#### [Work to complete]
Every line from the one holding "Watercolour Portrait Painting" through the one holding "Financial stock market" in the data below must be returned exactly, both ends included, with pictures left out and nothing else added.

#### [Data under study]
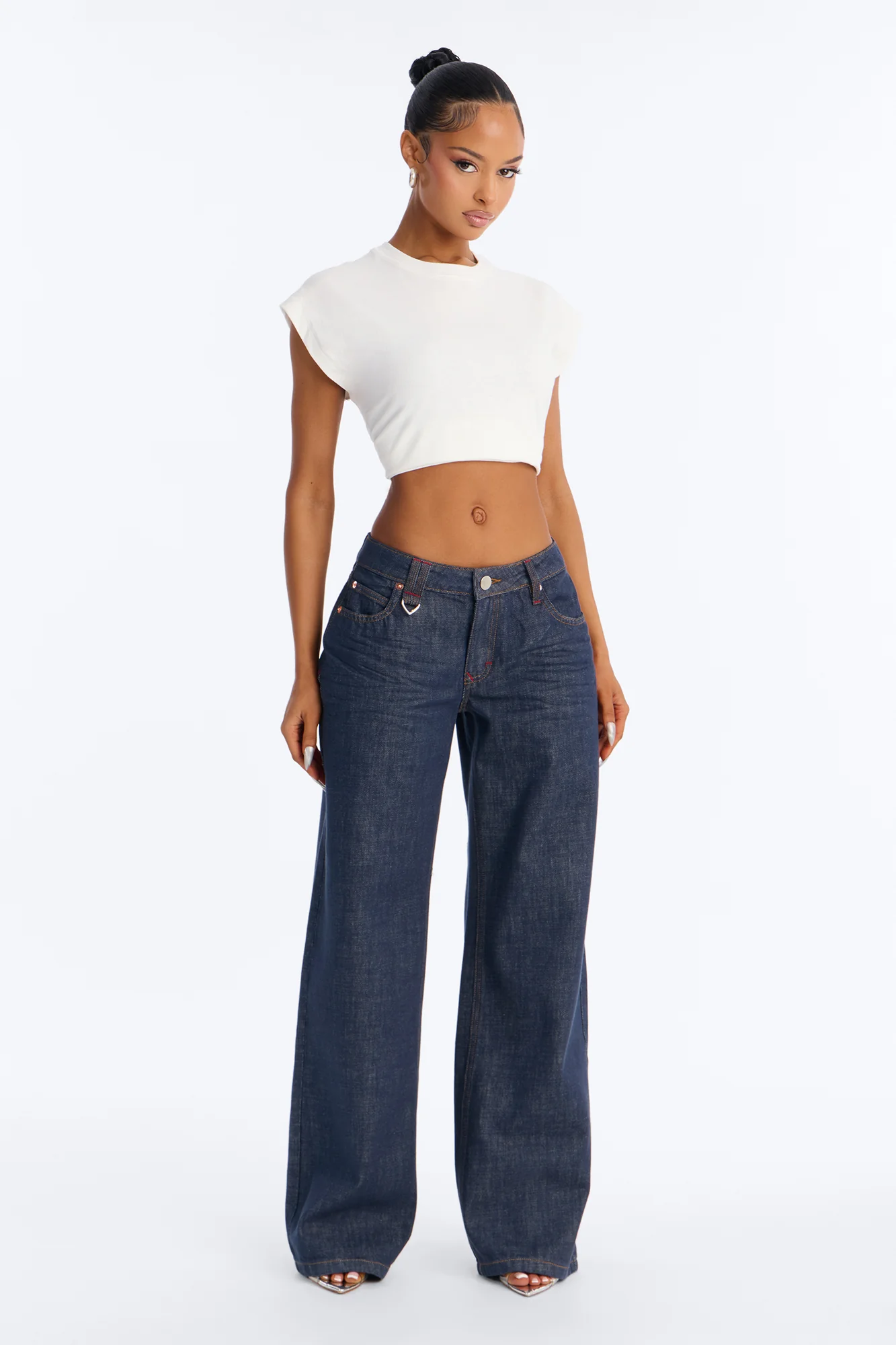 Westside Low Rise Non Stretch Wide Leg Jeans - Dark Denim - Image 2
---
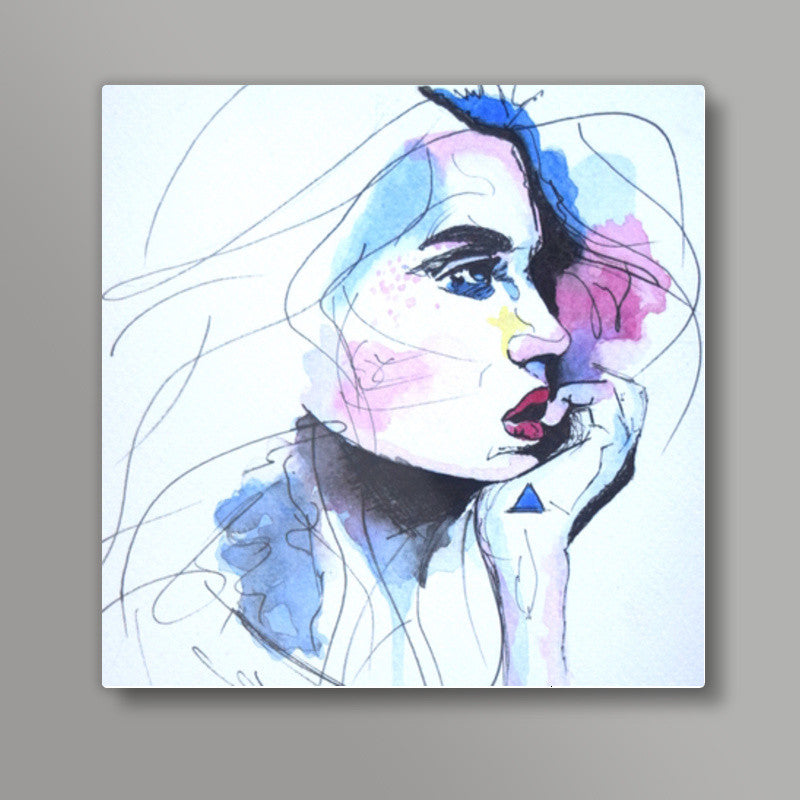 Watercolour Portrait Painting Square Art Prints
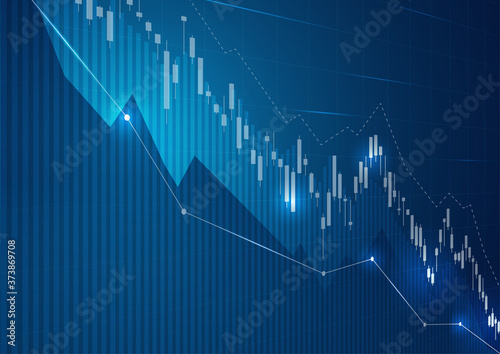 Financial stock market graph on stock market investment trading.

#### [Your response]
 Watercolour Portrait Painting Square Art Prints
 Financial stock market graph on stock market investment trading.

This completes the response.